DATA FOR THIS TASK Block Start
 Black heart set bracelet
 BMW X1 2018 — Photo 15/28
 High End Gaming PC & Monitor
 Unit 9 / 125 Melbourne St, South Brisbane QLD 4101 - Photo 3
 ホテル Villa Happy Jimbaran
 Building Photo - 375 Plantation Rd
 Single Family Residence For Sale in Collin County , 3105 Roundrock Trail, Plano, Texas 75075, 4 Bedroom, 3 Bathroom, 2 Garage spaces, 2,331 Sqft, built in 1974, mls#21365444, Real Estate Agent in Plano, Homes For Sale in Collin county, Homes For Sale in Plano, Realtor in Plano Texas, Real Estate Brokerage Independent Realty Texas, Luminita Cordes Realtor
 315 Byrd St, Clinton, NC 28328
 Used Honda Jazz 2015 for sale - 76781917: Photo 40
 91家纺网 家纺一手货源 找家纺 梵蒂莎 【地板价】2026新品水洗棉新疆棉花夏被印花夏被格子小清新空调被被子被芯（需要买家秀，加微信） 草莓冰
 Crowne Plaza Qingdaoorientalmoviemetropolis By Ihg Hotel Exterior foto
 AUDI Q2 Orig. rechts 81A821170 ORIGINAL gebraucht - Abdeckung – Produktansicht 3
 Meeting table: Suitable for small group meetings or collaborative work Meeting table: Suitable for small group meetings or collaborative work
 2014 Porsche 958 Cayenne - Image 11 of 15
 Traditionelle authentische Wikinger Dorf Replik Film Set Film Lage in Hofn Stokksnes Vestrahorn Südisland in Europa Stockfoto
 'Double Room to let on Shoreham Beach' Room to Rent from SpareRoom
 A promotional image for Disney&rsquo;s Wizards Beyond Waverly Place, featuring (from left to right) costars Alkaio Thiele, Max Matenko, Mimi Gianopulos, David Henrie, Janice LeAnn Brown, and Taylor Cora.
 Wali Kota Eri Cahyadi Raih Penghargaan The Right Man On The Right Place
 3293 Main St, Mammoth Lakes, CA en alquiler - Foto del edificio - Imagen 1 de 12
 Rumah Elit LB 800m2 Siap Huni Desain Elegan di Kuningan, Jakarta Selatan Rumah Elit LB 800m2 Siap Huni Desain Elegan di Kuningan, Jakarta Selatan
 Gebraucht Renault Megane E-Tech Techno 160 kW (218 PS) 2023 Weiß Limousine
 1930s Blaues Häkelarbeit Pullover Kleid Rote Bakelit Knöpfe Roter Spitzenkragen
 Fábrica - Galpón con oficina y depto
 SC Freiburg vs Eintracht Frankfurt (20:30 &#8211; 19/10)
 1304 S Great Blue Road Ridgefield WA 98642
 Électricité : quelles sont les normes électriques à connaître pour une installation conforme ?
DATA FOR THIS TASK Block End
TRY IT -> Would you reproduce the full listing shown above, word for word?

EXERCISE OUTPUT ->
 Black heart set bracelet
 BMW X1 2018 — Photo 15/28
 High End Gaming PC & Monitor
 Unit 9 / 125 Melbourne St, South Brisbane QLD 4101 - Photo 3
 ホテル Villa Happy Jimbaran
 Building Photo - 375 Plantation Rd
 Single Family Residence For Sale in Collin County , 3105 Roundrock Trail, Plano, Texas 75075, 4 Bedroom, 3 Bathroom, 2 Garage spaces, 2,331 Sqft, built in 1974, mls#21365444, Real Estate Agent in Plano, Homes For Sale in Collin county, Homes For Sale in Plano, Realtor in Plano Texas, Real Estate Brokerage Independent Realty Texas, Luminita Cordes Realtor
 315 Byrd St, Clinton, NC 28328
 Used Honda Jazz 2015 for sale - 76781917: Photo 40
 91家纺网 家纺一手货源 找家纺 梵蒂莎 【地板价】2026新品水洗棉新疆棉花夏被印花夏被格子小清新空调被被子被芯（需要买家秀，加微信） 草莓冰
 Crowne Plaza Qingdaoorientalmoviemetropolis By Ihg Hotel Exterior foto
 AUDI Q2 Orig. rechts 81A821170 ORIGINAL gebraucht - Abdeckung – Produktansicht 3
 Meeting table: Suitable for small group meetings or collaborative work Meeting table: Suitable for small group meetings or collaborative work
 2014 Porsche 958 Cayenne - Image 11 of 15
 Traditionelle authentische Wikinger Dorf Replik Film Set Film Lage in Hofn Stokksnes Vestrahorn Südisland in Europa Stockfoto
 'Double Room to let on Shoreham Beach' Room to Rent from SpareRoom
 A promotional image for Disney&rsquo;s Wizards Beyond Waverly Place, featuring (from left to right) costars Alkaio Thiele, Max Matenko, Mimi Gianopulos, David Henrie, Janice LeAnn Brown, and Taylor Cora.
 Wali Kota Eri Cahyadi Raih Penghargaan The Right Man On The Right Place
 3293 Main St, Mammoth Lakes, CA en alquiler - Foto del edificio - Imagen 1 de 12
 Rumah Elit LB 800m2 Siap Huni Desain Elegan di Kuningan, Jakarta Selatan Rumah Elit LB 800m2 Siap Huni Desain Elegan di Kuningan, Jakarta Selatan
 Gebraucht Renault Megane E-Tech Techno 160 kW (218 PS) 2023 Weiß Limousine
 1930s Blaues Häkelarbeit Pullover Kleid Rote Bakelit Knöpfe Roter Spitzenkragen
 Fábrica - Galpón con oficina y depto
 SC Freiburg vs Eintracht Frankfurt (20:30 &#8211; 19/10)
 1304 S Great Blue Road Ridgefield WA 98642
 Électricité : quelles sont les normes électriques à connaître pour une installation conforme ?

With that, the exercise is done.